As someone who personally benefited immensely from academic institutions’ international services and resources, from being an exchange student to becoming an international student and scholar, I feel very passionate about providing the same life changing experiences to others. As much as we know how the immigration process for our international students and scholars is rewarding, we are also aware of how stressful it can be. We are dedicated to providing expedient and competent service for the immigration needs of our international students and scholars. International Affairs also offers UCR students opportunities to learn abroad while receiving credit toward their UCR degrees. We encourage all Highlanders to step out of their comfort zone and enrich their education through many study abroad programs that we provide with our partners and our faculty.
Please do not hesitate to contact us - we are looking forward to hearing from you.

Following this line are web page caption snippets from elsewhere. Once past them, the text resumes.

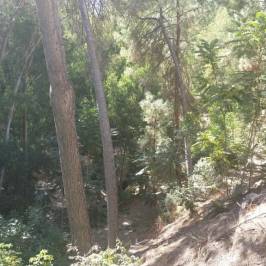 Parque del Salado
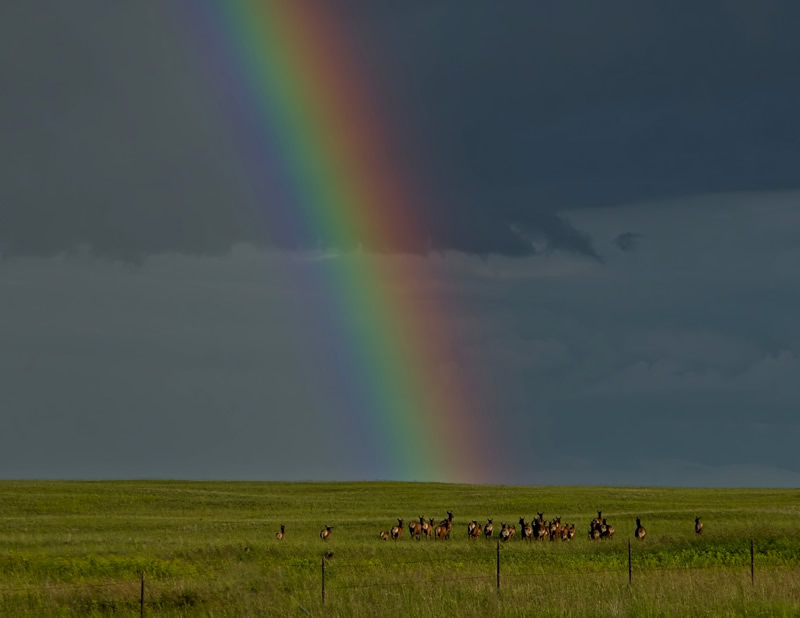 Pot O Gold by Steve Tugwell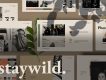 Staywild Presentation Template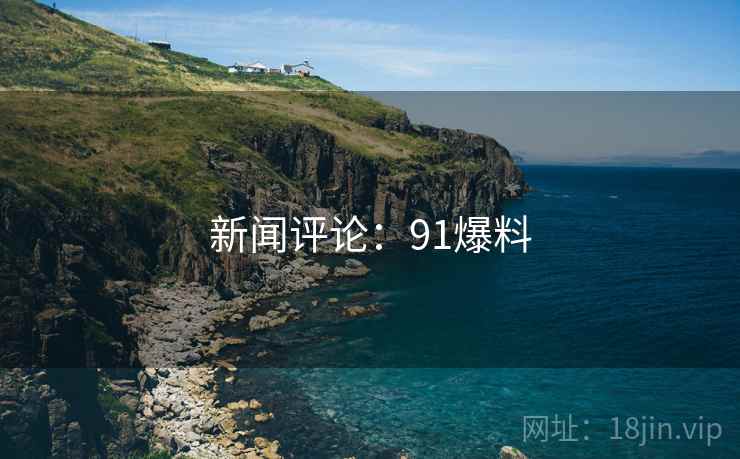 新闻评论：91爆料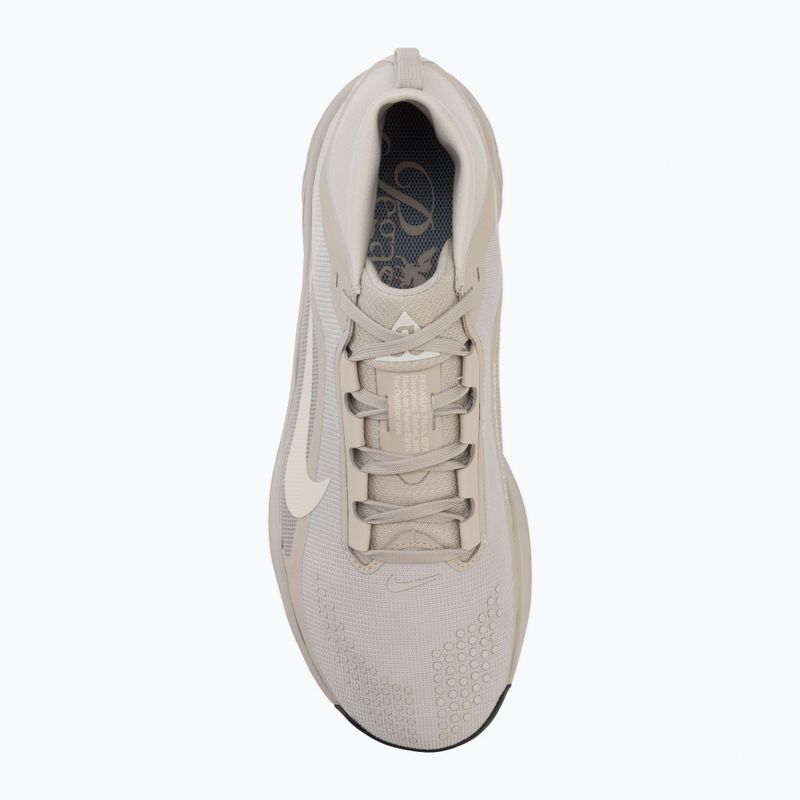Кросівки для бігу чоловічі Nike ACG Pegasus Trail GORE-TEX Cream Ii/Light Orewood Brown 5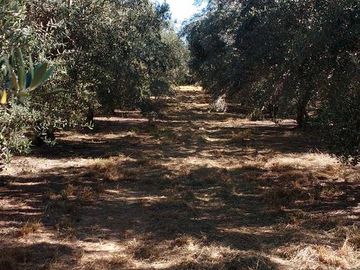 Lencke Vende - Campo en produccion de aceitunas - Capayan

Vice Provost of International Affairs
Vice Provost of International Affairs, Marko Princevac
As of July 1, 2020, Marko Princevac is serving as UCR's Vice Provost of International Affairs and Professor of Mechanical Engineering. He previously served as the Associate Dean of the Marlan and Rosemary Bourns College of Engineering. Marko Princevac received his Ph.D. in Mechanical Engineering at Arizona State in 2003 and his B.Sc. in Mechanical Engineering and Naval Architecture at the University of Belgrade, Serbia. At Arizona State University, he won recognition for his work with students, and received an American Meteorological Society scholarship. He has worked as an industrial laboratory and field supervisor in Mexico, and for the roller-bearing industry in Serbia. He is a member of the American Society of Mechanical Engineers (ASME) and the American Meteorological Society (AMS). He is a member of AMS Committee for Meteorological Applications in Air Pollution (CMAAP)

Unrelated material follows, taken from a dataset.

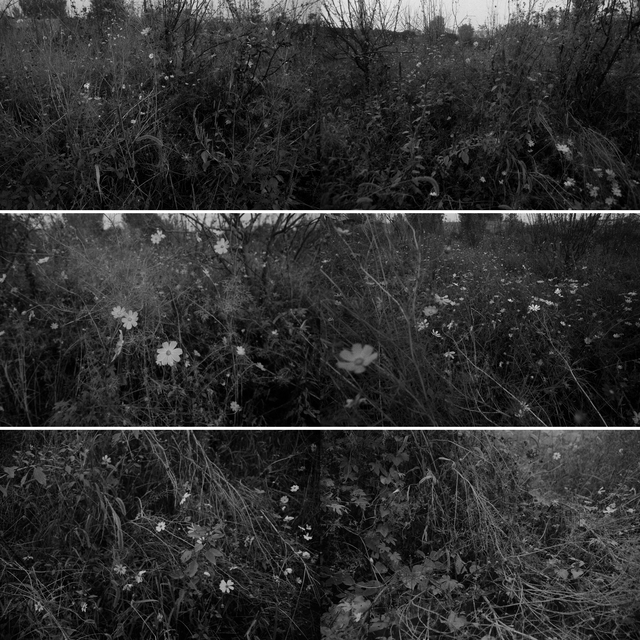 Wang Youshen, ‘Per Square Meter·My Landscape 4 每平米·我的风景4’, 2010-2011, Photography, B&W Chromogenic Print, ShanghART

Dr. Princevac is interested in fundamental and applied fluid mechanics research -- in particular, the application of fundamental turbulence concepts to studies in environmental flows. During his graduate studies and a short post-doctoral period afterward, he gained a strong background in laboratory and field experimental work. This helped him identify some physical phenomena and build simple physical (laboratory) models that can successfully explain complex field observations or a part thereof. He also has experience in developing idealized theoretical models to explain fluid dynamic processes. His approach has been to cross-fertilize field measurements with carefully designed laboratory experiments and simple theoretical analysis.

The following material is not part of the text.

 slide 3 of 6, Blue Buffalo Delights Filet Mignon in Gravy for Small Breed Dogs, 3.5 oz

His early research was focused on “engineering flows”, specifically ship’s propulsion and resistance. This research resulted in several polynomial models for the estimation of the power and resistance for the specific type of semi-displacement hull forms. In graduate school he focused his research on thermally driven environmental flows, motivated by tremendous air quality problems that are occurring in cities located in the areas of complex terrain.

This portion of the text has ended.